This altarpiece was originally painted for the chapel on the left side of Viseu Cathedral, dedicated to St. John the Baptist.
In the Baptism of Christ, the composition was structured around the two monumental figures in the foreground, since the surrounding space, despite serving the narrative structure, was rigorously conceived to accommodate these imposing presences. The two rocky volumes, the patches of vegetation, the architectural background and the presence of the two secondary formal groups – the angels with Christ’s robe, and the Baptist preaching in the desert – were programmed with a rhythmic sense of balance, between the right half and the left half of the space of the representation, defining two diagonals that converge on the figure of Christ, placed in the central axis. But it is by removing the main formal group from the centre, with the monumental figure of the saint being placed in the left half, that the position and scale of the secondary figurations are defined, i.e. their distancing from the scene taking place on the left, whilst the two angels on the right are brought relatively closer together.

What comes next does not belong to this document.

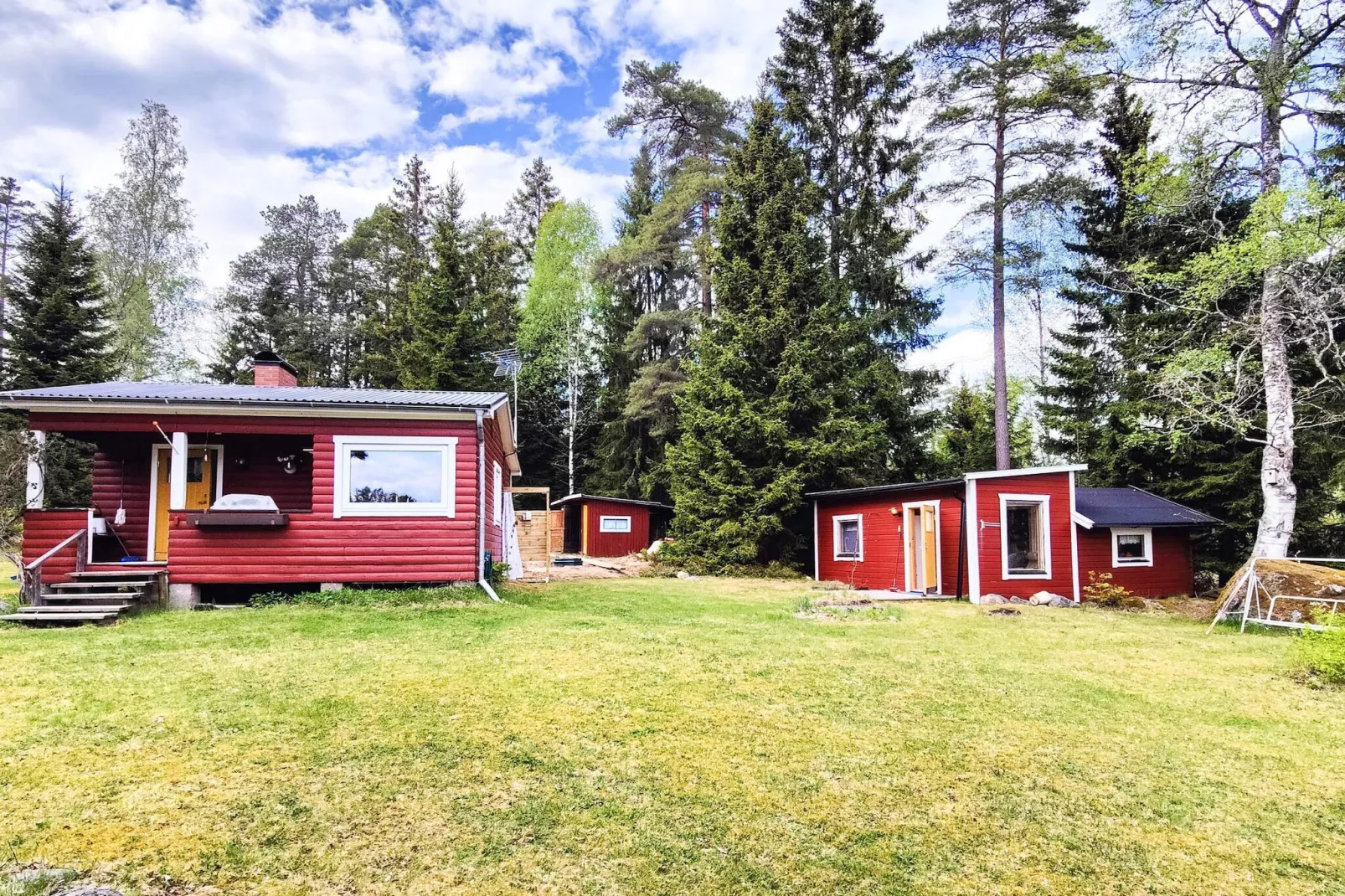 5 person holiday home in KARLSKOGA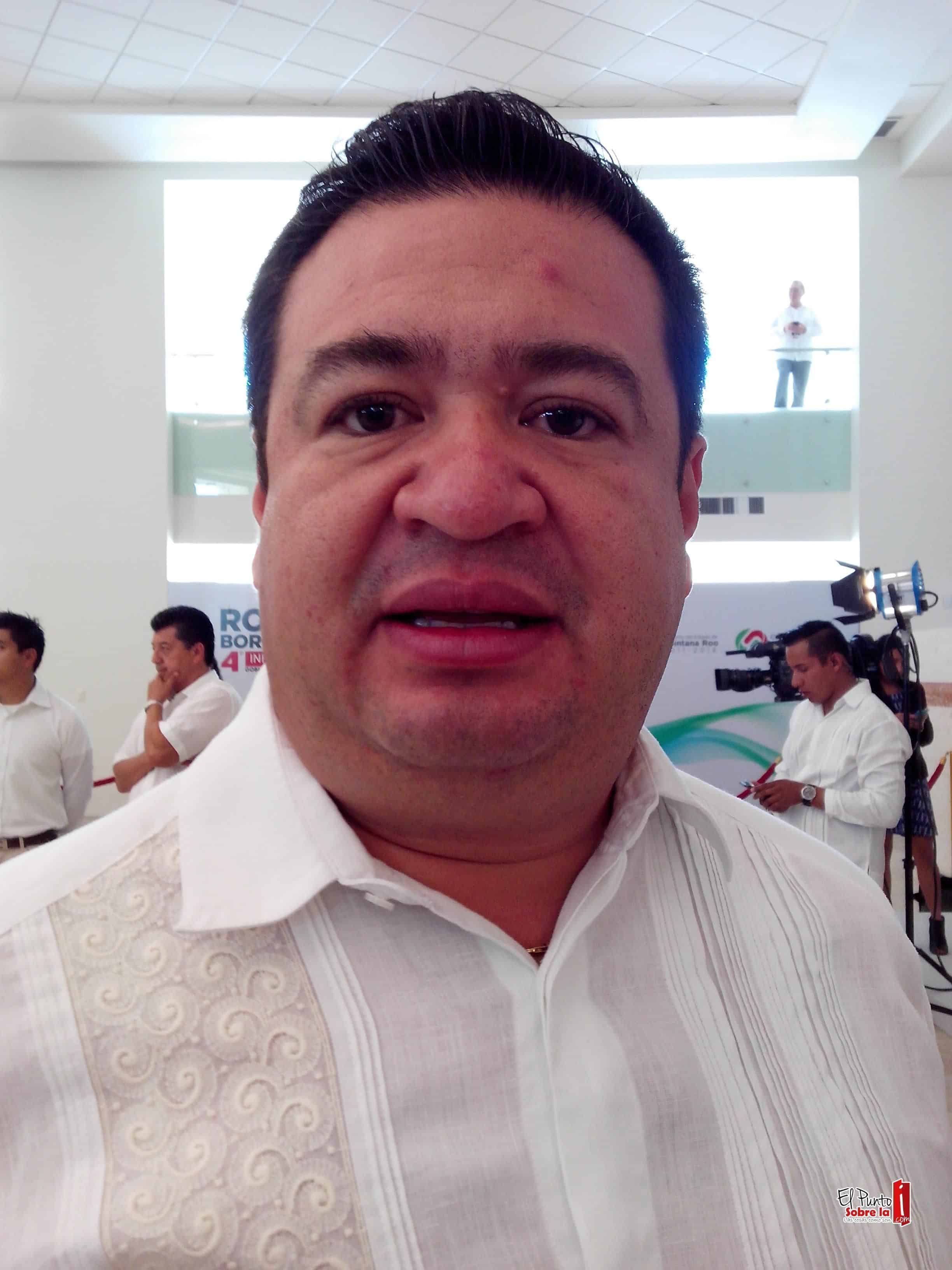 Quintana Roo se consolida como un estado próspero y en desarrollo: Israel Hernández Radilla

The powerful characterisation of the faces, here afforded a pathos that reinforces the spiritual importance of the act, the apparent softness of the fabrics, modelled through the light projected onto the figurative field from the left, and the atmospheric effects of the landscape, diluting the outlines of the architectural volumes in the background, are other characteristic features of his painting style.
However, in comparison to St. Peter, it can be said that the Baptism of Christ is a much less careful painting as far as the forms are concerned. In fact, while the body of Christ shows some significant but well disguised mistakes in terms of its form, the bent leg of St. John the Baptist, because of the distortion that it introduces into the pictorial work of the foot, results in an almost aberrant form. It is quite probable that Gaspar Vaz, Vasco Fernandes’ customary collaborator, worked on the pictorial aspects of this altarpiece.
In the predella, which was exchanged with the one belonging to the painting of St. Peter, are representations of the busts of St. Paul the Hermit (?), St. Jerome and St. Anthony.